--- Records shown ---

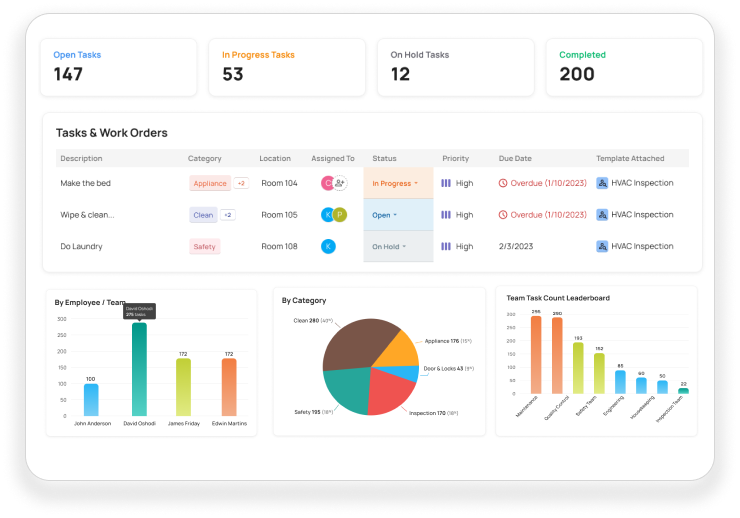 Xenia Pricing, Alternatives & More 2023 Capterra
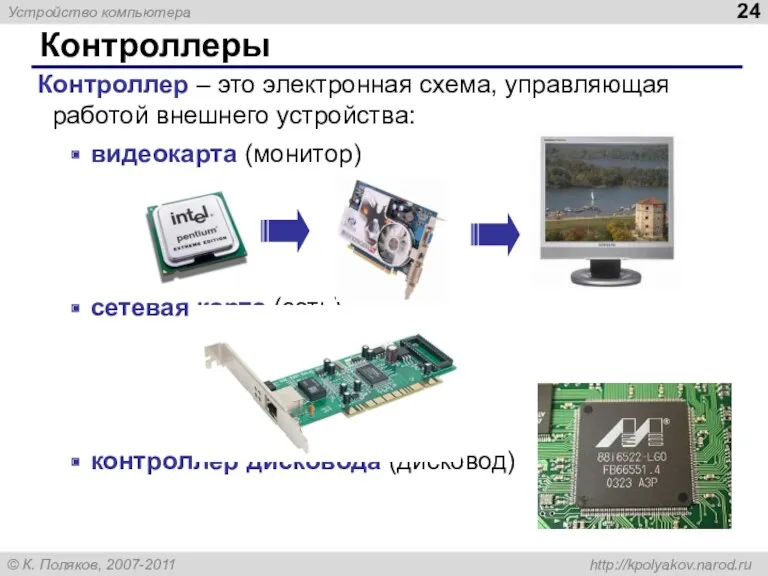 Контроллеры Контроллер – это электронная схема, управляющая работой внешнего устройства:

---
--- Records shown ---

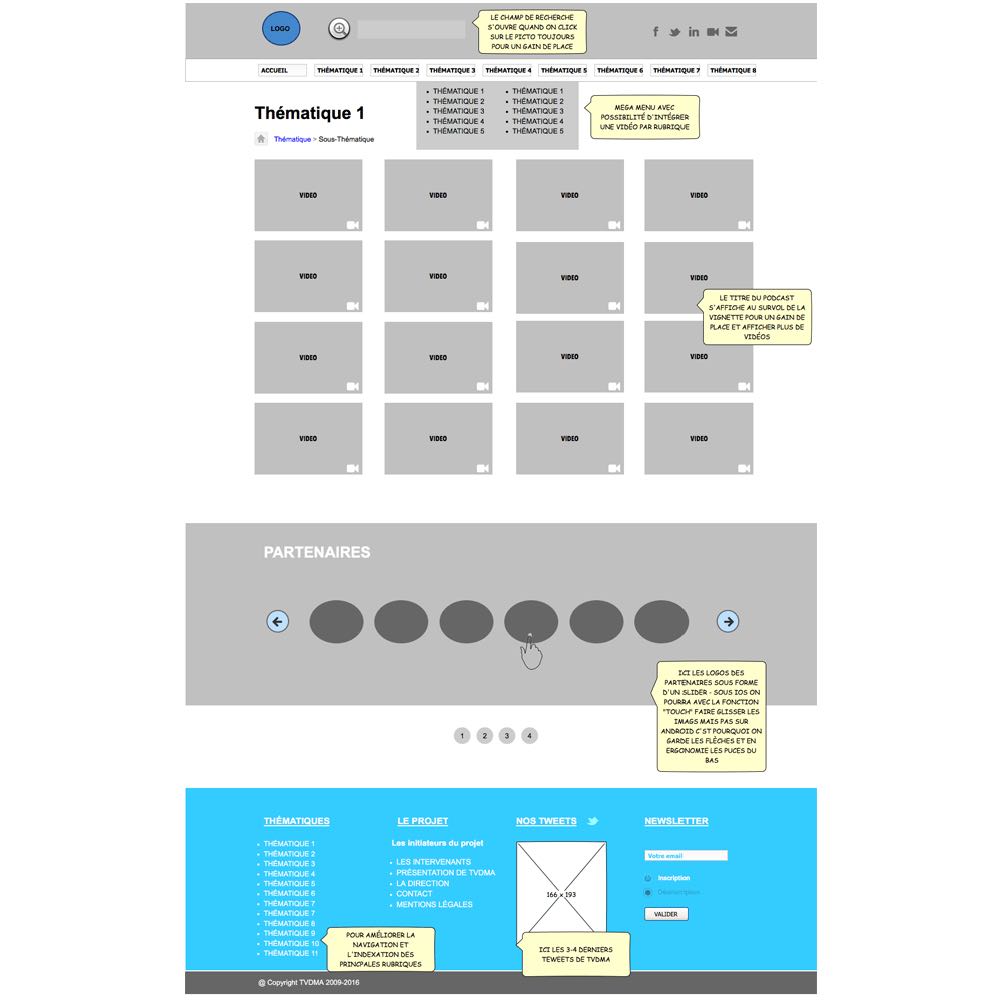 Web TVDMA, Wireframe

---

> **Activity**
Would you copy the lines above exactly, starting with the one that has "Xenia Pricing, Alternatives" and ending with the one that has "Контроллеры Контроллер –", both included, without the pictures?

> **Reply**
 Xenia Pricing, Alternatives & More 2023 Capterra
 Контроллеры Контроллер – это электронная схема, управляющая работой внешнего устройства:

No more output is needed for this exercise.